Untuk diketahui, ringgit malaysia telah menurun hampir 8% terhadap dolar pada tahun ini. BNM telah mempertahankan suku bunga utama sebesar 3% sejak Juli 2023.
Baca Juga
Kondisi tersebut menempatkannya pada rekor diskon relatif dibandingkan suku bunga bank sentral Amerika Serikat (The Fed). Hal ini membuat Ringgit menjadi kurang menarik bagi investor yang berbasis dolar, untuk membeli aset-aset berdenominasi ringgit.
Menurut ekonom Asia Tenggara Bloomberg Economics Tamara Henderson, bagi Malaysia, sejumlah faktor telah mendukung penahanan, termasuk inflasi yang kembali mendekati rata-rata jangka panjang.
"Kenaikan suku bunga tidak akan mengubah sentimen ringgit. Meskipun begitu, hal ini akan menambah hambatan pertumbuhan dari kebijakan fiskal yang lebih ketat dan permintaan global yang lebih lemah,” jelasnya.
Dia menambahkan dengan Ringgit berada di dekat level terendah sepanjang masa, kenaikan suku bunga tidak dapat dikecualikan.
Mata uang Malaysia jatuh ke 4,7958 ringgit per dollar minggu lalu, terlemah dalam lebih dari 25 tahun terakhir. Jika mencapai level terendah pada tahun 1998, yaitu 4,8850 ringgit per dolar, maka ringgit akan mencatatkan level terendah sepanjang sejarah. Pada Jumat (27/10) Mata uang ringgit ditutup pada 4,7782.
United Overseas Bank mengatakan bahwa kenaikan suku bunga sebesar 25 basis poin tidak akan cukup untuk menutup kesenjangan suku bunga dengan AS dan memacu kepercayaan terhadap ringgit. Adapun saat ini, perbedaannya sebesar 250 basis poin.
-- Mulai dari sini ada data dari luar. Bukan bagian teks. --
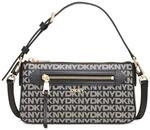 DKNY Women's Bryant Ave Top Zip Demi Crossbody, Black Logo-Black, One size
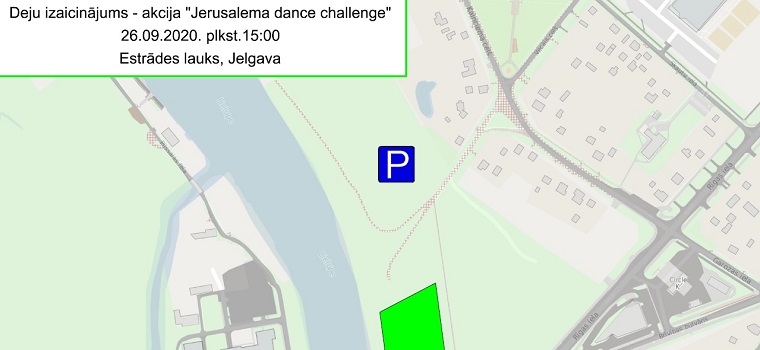 Deju izaicinājuma #JerusalemaDanceChallenge norises vietas shēma - pļava pretī Jelgavas pilij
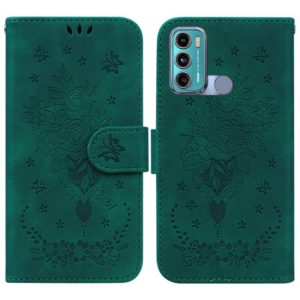For Motorola Moto G60 / G40 Fusion Butterfly Rose Embossed Leather Phone Case(Green) (OEM)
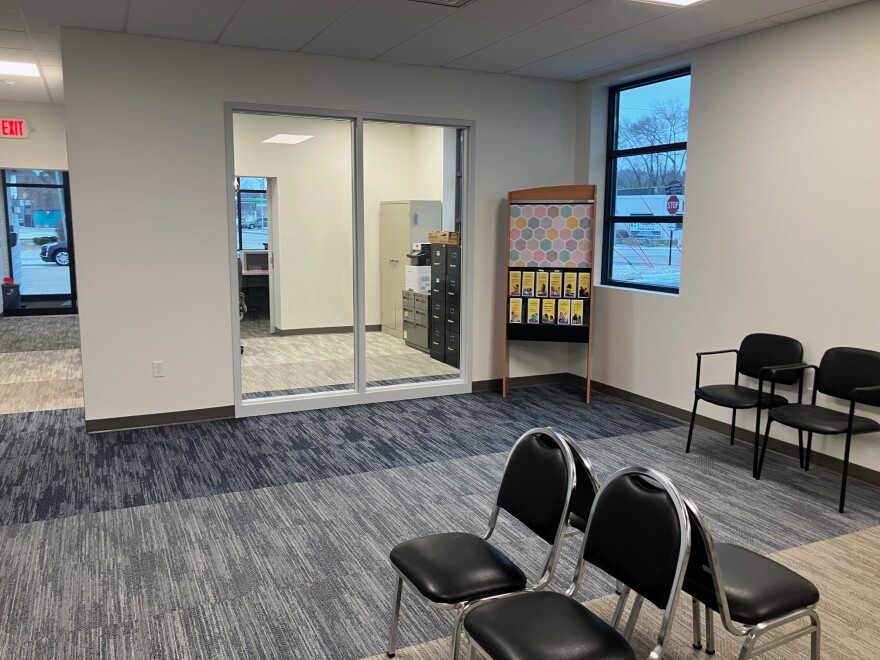 The waiting area near the public entrance to EveryChild in downtown Rock Island.
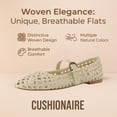 thumbnail image 3 of Cushionaire Weston Hand Woven Ballerina Flats for Women – Faux Leather Mary Jane Shoes Women Footwear with Adjustable Braided Strap, 3 of 15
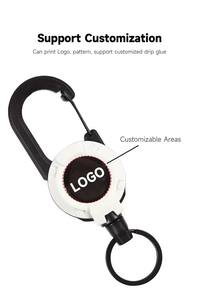 พวงกุญแจแบบยืดหดได้หัวล็อกนิรภัยแบบพกพา EDC ทำจากโลหะใช้แขวนได้อย่างรวดเร็วกลางแจ้งตั้งแคมป์เดินป่า - Product Image 2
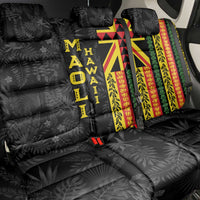 Hawaii Maoli Spirit Back Car Seat Cover Kakau Pattern With Flower Lei - Polynesian Pride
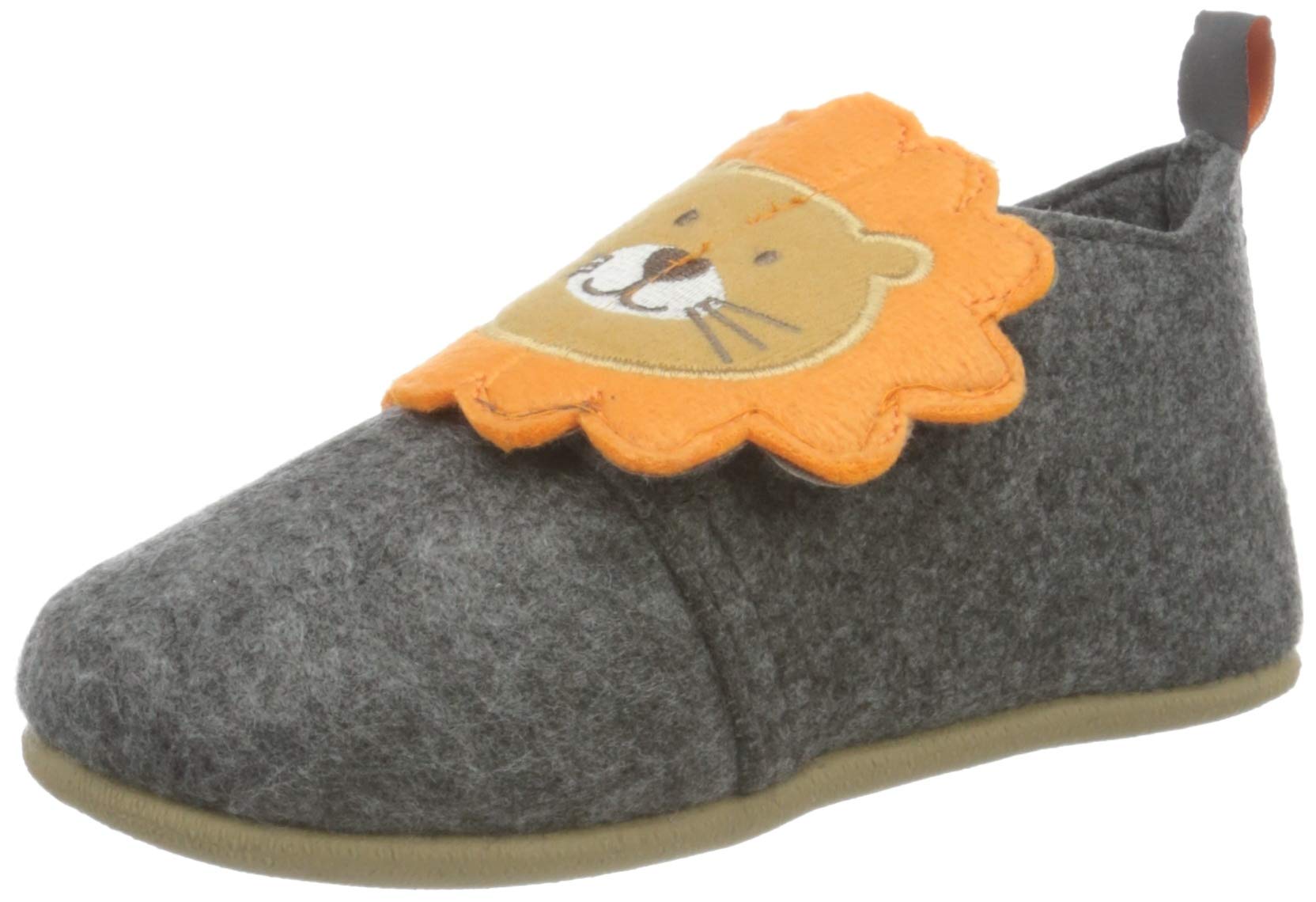 Playshoes Unisex Children's Felt Slippers, Lion, 8 UK Child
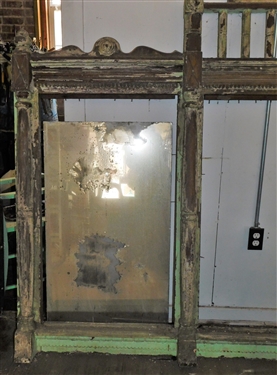 Wood Carved Back Bar - Measures - 10'6 Long 69 to top of Center - Ends Measure 58 - Missing Mirrors - Center Measures 42 by 60 Ends 42 by 24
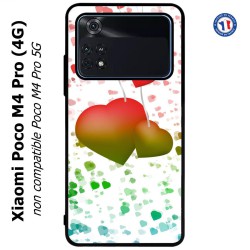 Coque pour Xiaomi Poco M4 Pro (4G) fond coeur amour love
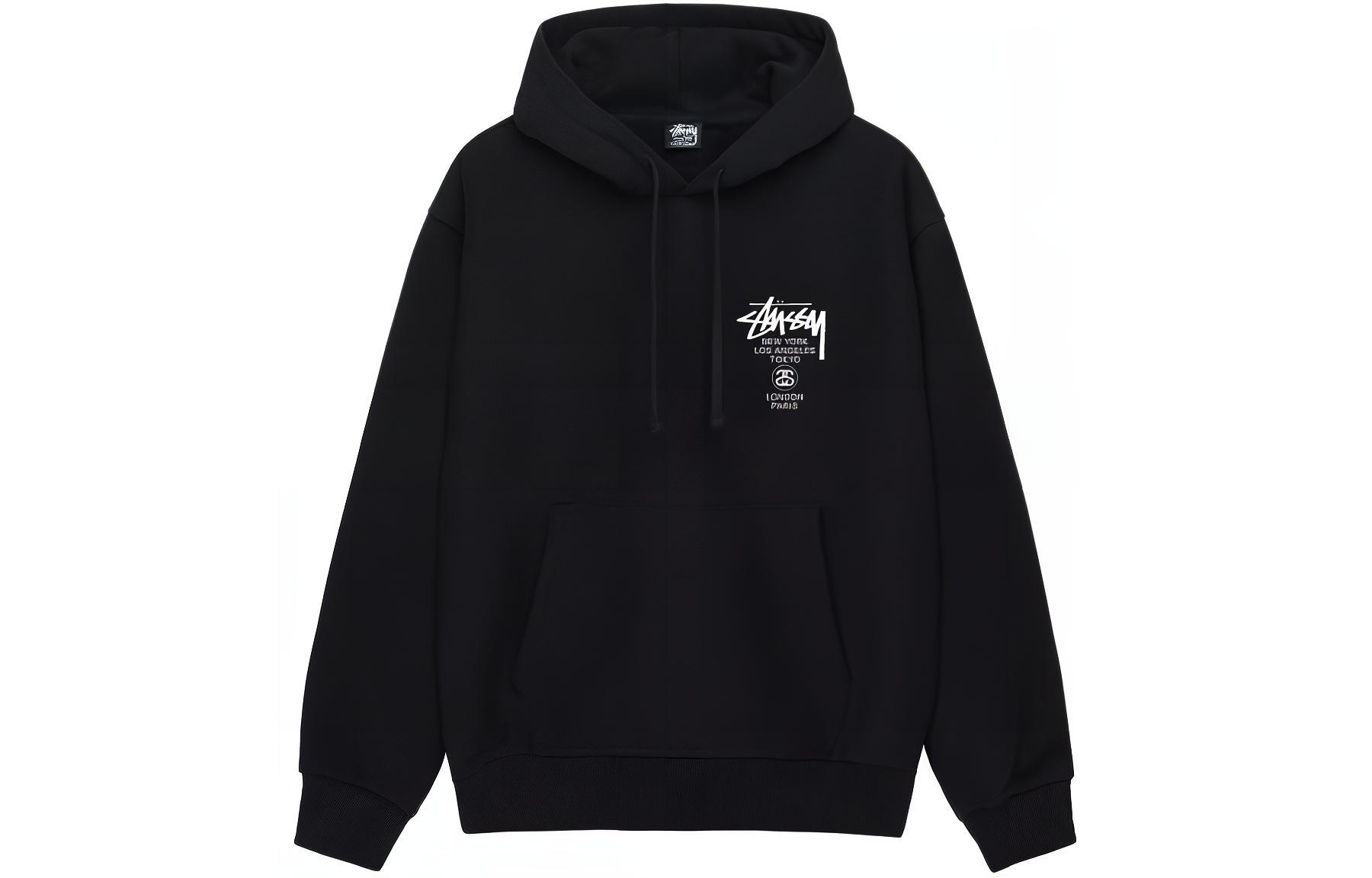 Purchase 스투시 월드 투어 레터 프린트 플리스 후디 유니섹스 레트로 긴팔. 3923860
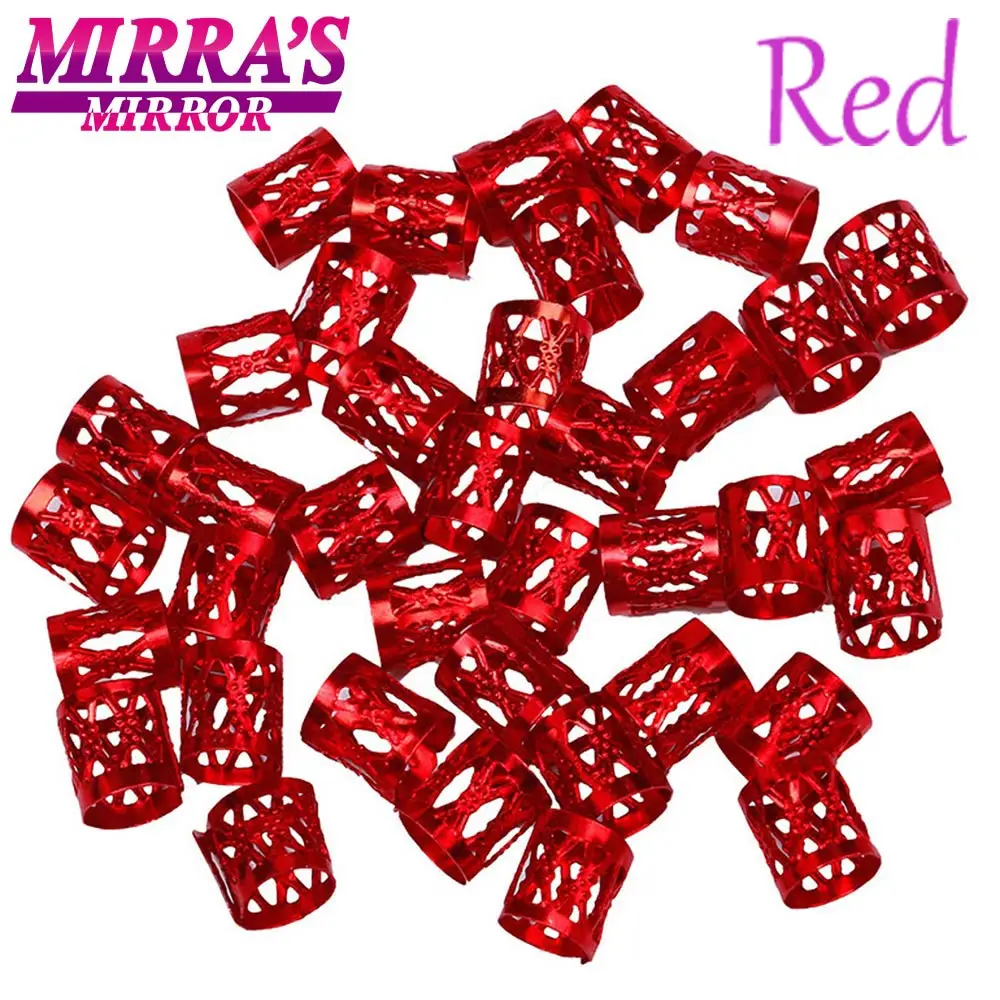 Mirra's Mirror 100 шт смешанные бусины для волос для косичек серебряные кольца для волос для девочек регулируемые аксессуары для дредов золотые манжеты клипсы - Цвет: 100pcs Red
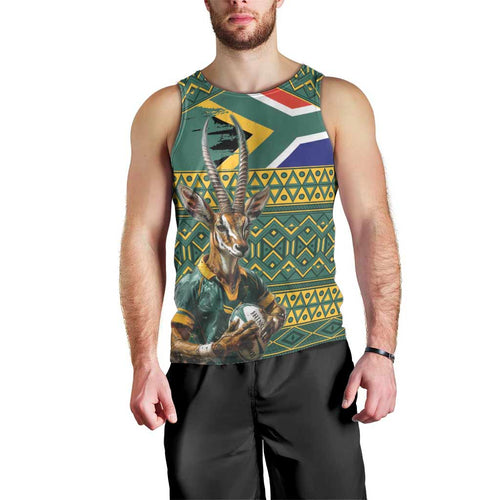 Custom South Africa Rugby Bokke Mascot Men Tank Top With Flag Style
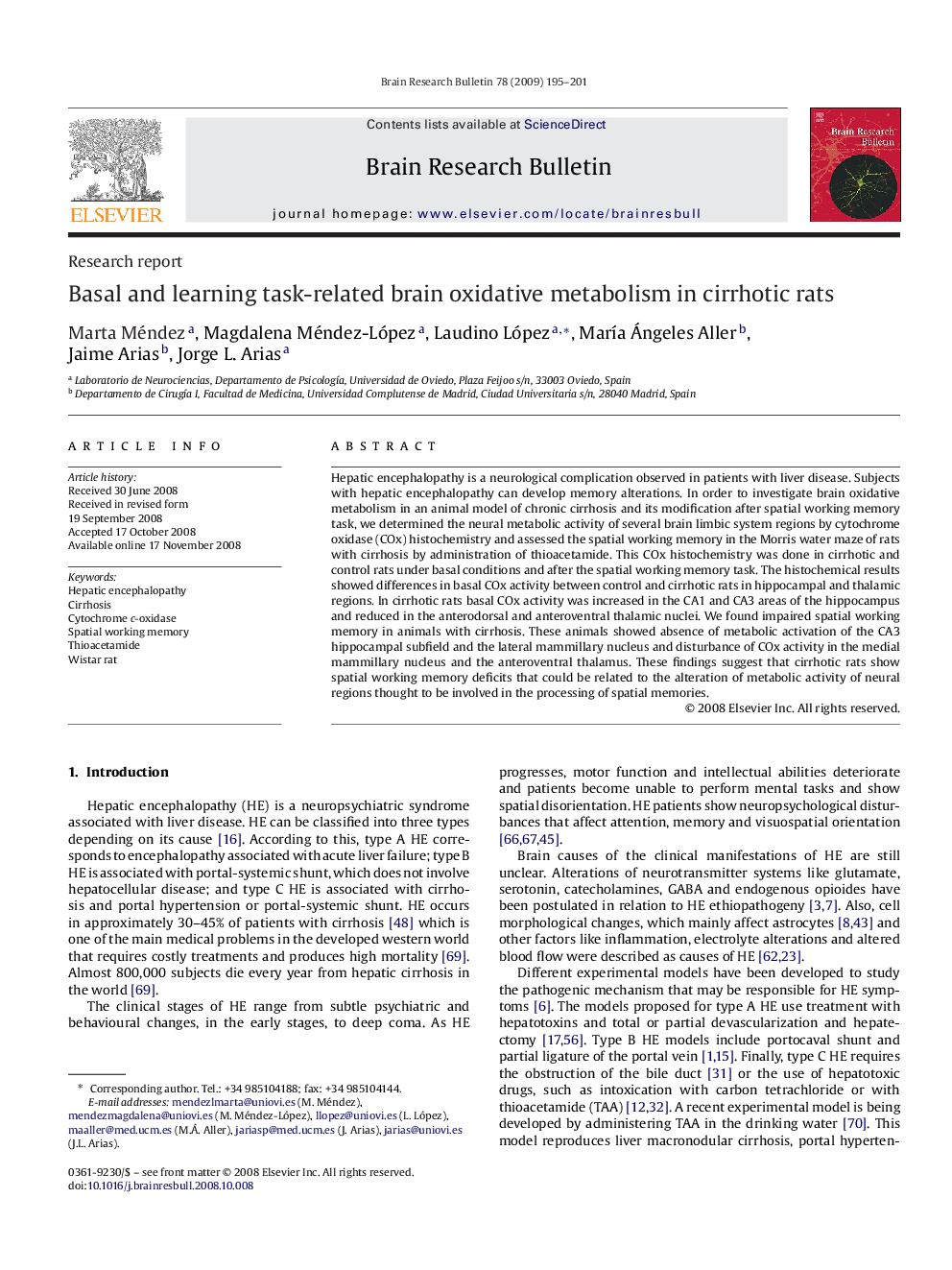 Basal and learning task-related brain oxidative metabolism in cirrhotic rats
Di lain sisi, ringgit juga menghadapi hambatan dari perlambatan Negeri Tirai Bambu, selaku mitra dagang terbesarnya karena ekspor telah menurun selama tujuh bulan berturut-turut, hingga September 2023.
Gubernur BNM, Abdul Rasheed Ghaffour menuturkan bahwa bank sentral tetap berkomitmen untuk memastikan penyesuaian Ringgit berlangsung secara teratur dan bisnis terus difasilitasi.
"BNM mungkin akan terus bersandar pada kombinasi intervensi dan panduan jendela untuk meningkatkan konversi hasil ekspor dan mengurangi arus keluar modal [untuk mendukung ringgit],” jelas Bank of America dalam catatannya, yang melihat ringgit jatuh ke 4,90 per dolar pada akhir tahun.